Five Questions With: Jim Hedemark

"THESE TROUBLED economic times have amplified the spotlight that we shine on the need for youth financial literacy," said Jim Hedemark, executive director of the nonprofit Rhode Island Jump$tart Coalition /

Jim Hedemark wants Rhode Island youngsters to know how to handle their finances. Since 2004, he has served as executive director of the nonprofit Rhode Island Jump$tart Coalition, part of a national organization dedicated to encouraging schools to teach basic personal financial management skills. It’s a mission that has taken on a new importance in light of the economic downturn.
In Rhode Island, the coalition consists of a board of 10 directors and several dozen partners from the academic, business and civic sectors.

PBN: First of all, can you give an overview of the Jump$tart Coalition?
HEDEMARK:
The “trial and error” method of personal financial education (financial literacy) has failed too many for too long.
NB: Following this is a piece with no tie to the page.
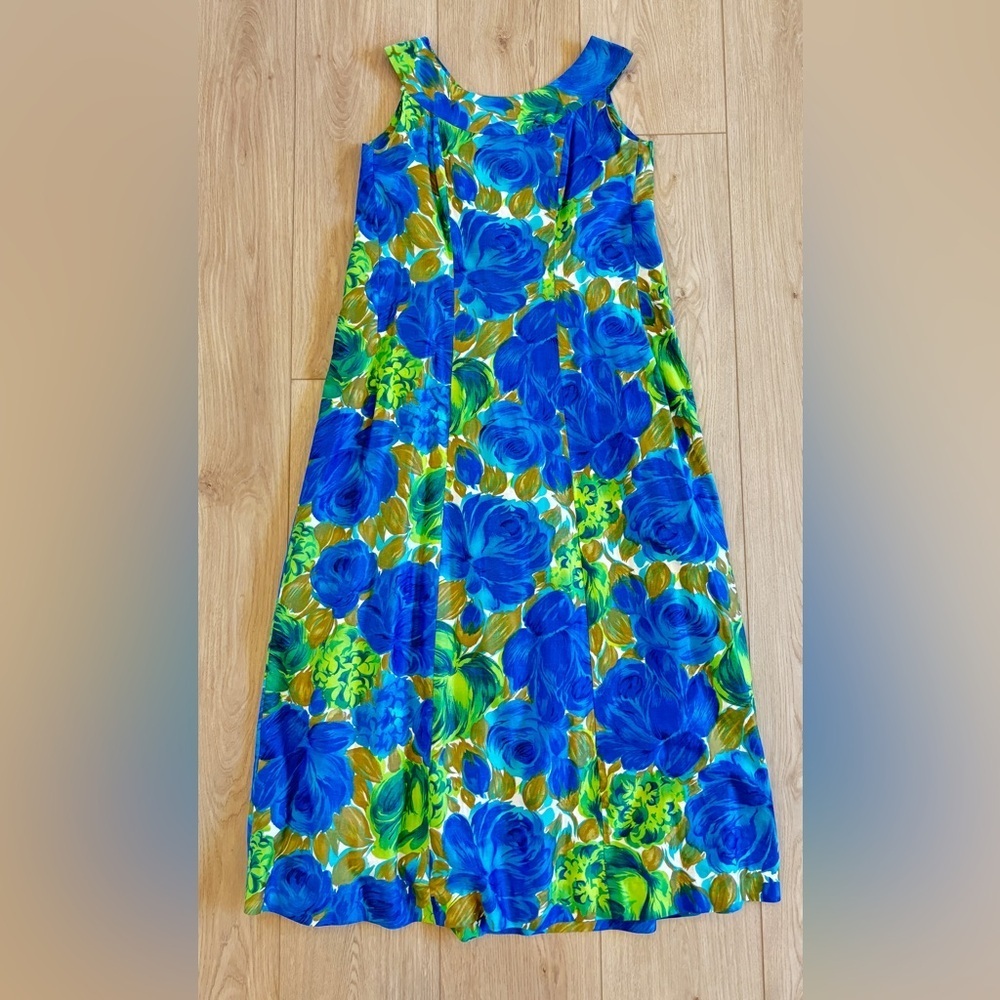 Vintage Basila 60s Vibrant Floral Blue and Green Sleeveless Caftan Hostess Dress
And today’s penalties for even honest financial mistakes have become life-altering.
We are a coalition of stakeholders who believe that while billions of dollars in pounds of “cure” are being spent to revitalize our economy, a sustainable market correction must involve many more “ounces” of prevention in the realm of consumer education, especially among our K-12 students.
We are the only organization in Rhode Island with the sole purpose of increasing youth financial literacy, and we carry out our mission by promoting our national standards, training educators, conducting research and working with school systems to deliver comprehensive personal financial education.
The key differentiation between the coalition’s approach and other efforts is that rather than offering one- or two-day student experiences, we are working for systemic education reform that fully integrates personal financial education throughout the students’ K-12 experience.

PBN: Laura Levine of the President’s Advisory Council on Financial Literacy and the national executive director of the Jump$tart Coalition came to Rhode Island recently to mark the local program’s five-year anniversary. She also outlined the advisory council’s report to the president on financial literacy. Can you give some of the highlights of that report?
HEDEMARK:
I am encouraged that the financial literacy movement has reached the desk of our nation’s highest executive. Laura, Chairman Charles Schwab and the other President’s Council members provided the president with straightforward recommendations earlier this year. The first, and in my opinion the most important recommendation, is that the U.S. Congress and state legislatures should mandate personal financial education in K-12 grades.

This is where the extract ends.